[Opening Supplied entries section]

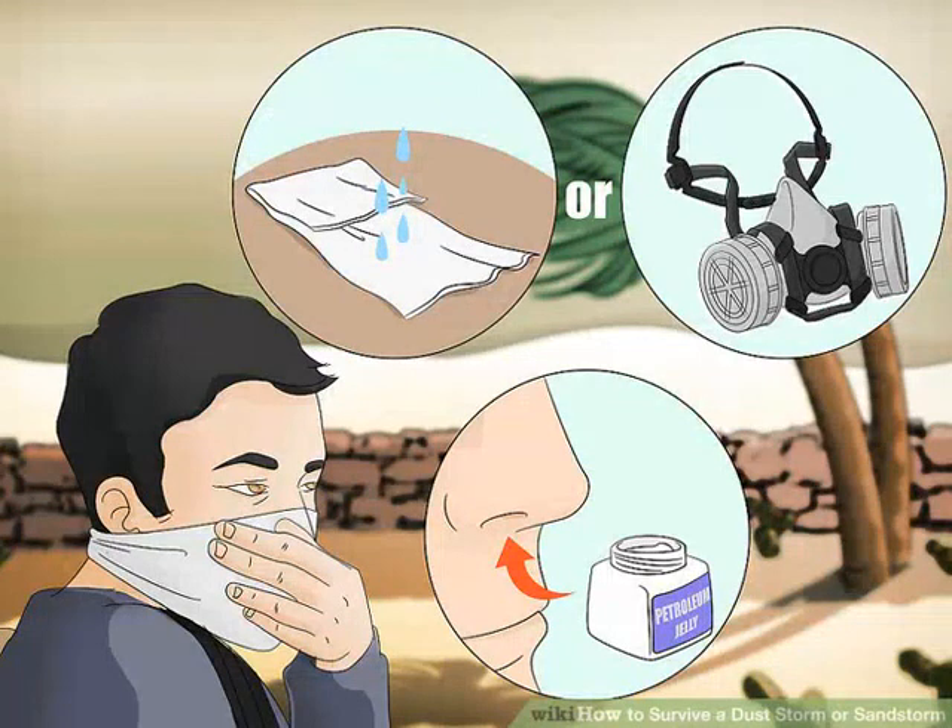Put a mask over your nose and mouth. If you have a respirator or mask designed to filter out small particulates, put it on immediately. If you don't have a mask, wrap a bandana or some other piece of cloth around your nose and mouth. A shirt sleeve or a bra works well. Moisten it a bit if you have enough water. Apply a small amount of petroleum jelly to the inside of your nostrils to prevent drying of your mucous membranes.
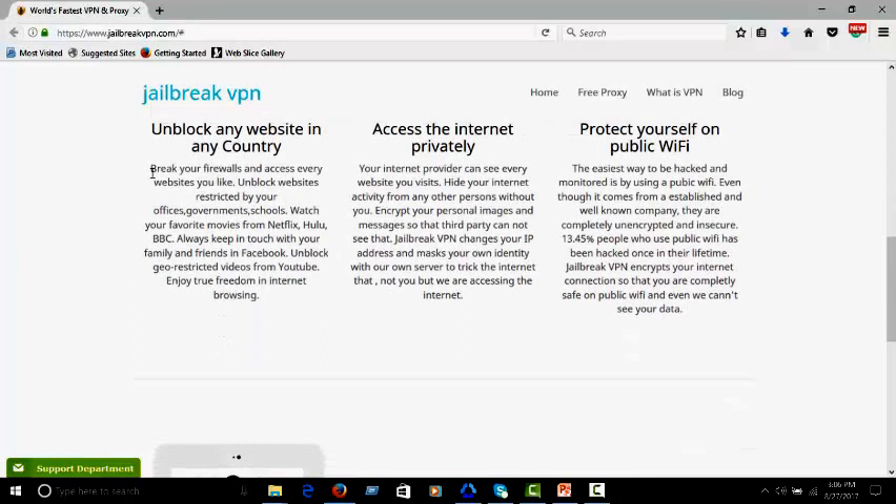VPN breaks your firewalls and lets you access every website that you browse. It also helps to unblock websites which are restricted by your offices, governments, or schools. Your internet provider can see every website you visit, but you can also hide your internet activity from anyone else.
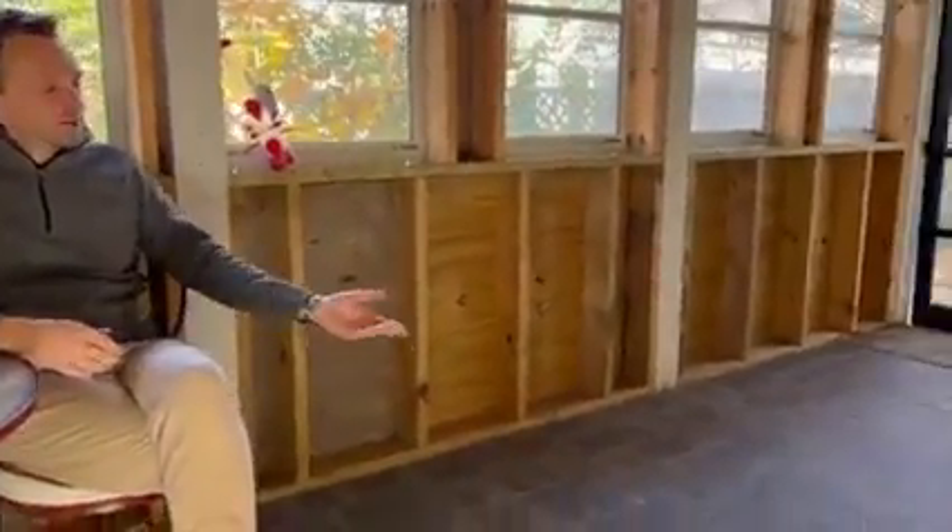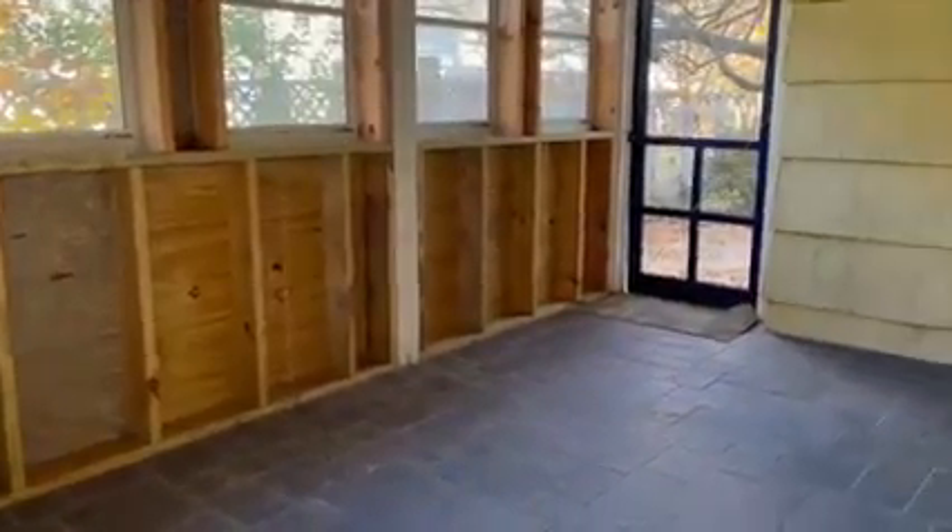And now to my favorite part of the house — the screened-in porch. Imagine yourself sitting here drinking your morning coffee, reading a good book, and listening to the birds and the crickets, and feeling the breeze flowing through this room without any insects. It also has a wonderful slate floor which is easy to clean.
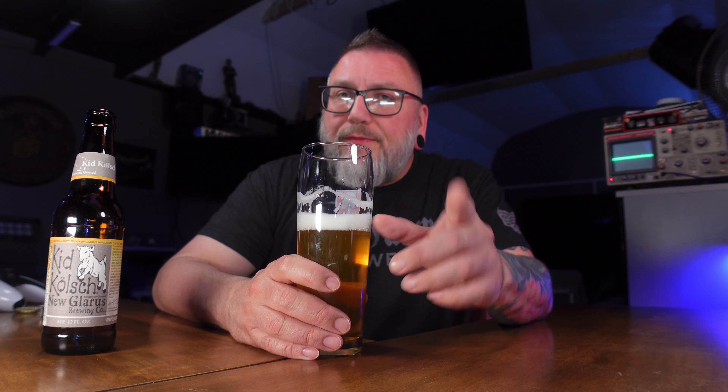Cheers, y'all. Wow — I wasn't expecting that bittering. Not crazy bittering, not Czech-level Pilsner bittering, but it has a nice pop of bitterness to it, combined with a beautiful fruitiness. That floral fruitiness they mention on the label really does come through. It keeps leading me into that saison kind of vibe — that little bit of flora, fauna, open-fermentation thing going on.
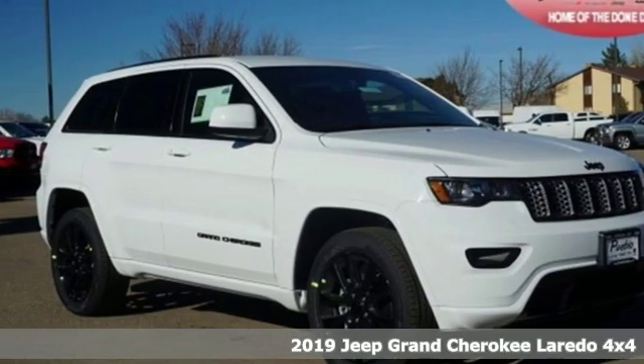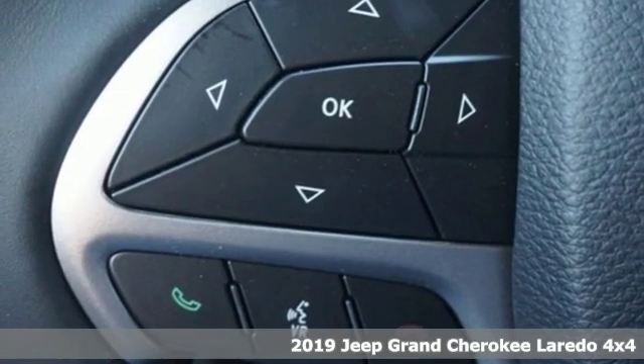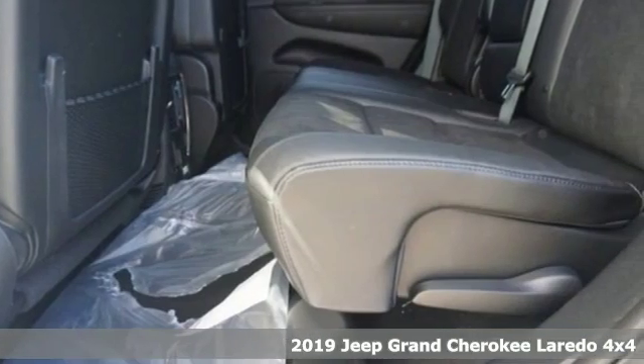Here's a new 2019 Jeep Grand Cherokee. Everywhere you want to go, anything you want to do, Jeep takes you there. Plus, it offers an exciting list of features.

[Closing Supplied entries section]

What you should do: Exclude all images and retype the data precisely.

Solution to the exercise:
Put a mask over your nose and mouth. If you have a respirator or mask designed to filter out small particulates, put it on immediately. If you don't have a mask, wrap a bandana or some other piece of cloth around your nose and mouth. A shirt sleeve or a bra works well. Moisten it a bit if you have enough water. Apply a small amount of petroleum jelly to the inside of your nostrils to prevent drying of your mucous membranes.
VPN breaks your firewalls and lets you access every website that you browse. It also helps to unblock websites which are restricted by your offices, governments, or schools. Your internet provider can see every website you visit, but you can also hide your internet activity from anyone else.
And now to my favorite part of the house — the screened-in porch. Imagine yourself sitting here drinking your morning coffee, reading a good book, and listening to the birds and the crickets, and feeling the breeze flowing through this room without any insects. It also has a wonderful slate floor which is easy to clean.
Cheers, y'all. Wow — I wasn't expecting that bittering. Not crazy bittering, not Czech-level Pilsner bittering, but it has a nice pop of bitterness to it, combined with a beautiful fruitiness. That floral fruitiness they mention on the label really does come through. It keeps leading me into that saison kind of vibe — that little bit of flora, fauna, open-fermentation thing going on.
Here's a new 2019 Jeep Grand Cherokee. Everywhere you want to go, anything you want to do, Jeep takes you there. Plus, it offers an exciting list of features.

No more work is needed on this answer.